* [EXERCISE DETAILS]
When you reach the line in the listing below that contains "Load image into", begin returning lines exactly as written, and stop after the line that contains "Uda Limit Fishnet - Czarne". Return no other lines.
--- PROVIDED MATERIAL Enclosed Below ---
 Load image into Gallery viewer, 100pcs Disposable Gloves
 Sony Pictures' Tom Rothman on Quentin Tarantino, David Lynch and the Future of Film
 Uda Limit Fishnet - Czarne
--- End of Enclosed PROVIDED MATERIAL ---
--- PROVIDED MATERIAL Enclosed Below ---
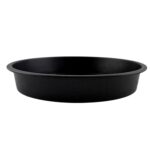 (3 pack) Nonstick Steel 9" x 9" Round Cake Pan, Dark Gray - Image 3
--- End of Enclosed PROVIDED MATERIAL ---
* [OUTPUT OF THE TASK]
 Load image into Gallery viewer, 100pcs Disposable Gloves
 Sony Pictures' Tom Rothman on Quentin Tarantino, David Lynch and the Future of Film
 Uda Limit Fishnet - Czarne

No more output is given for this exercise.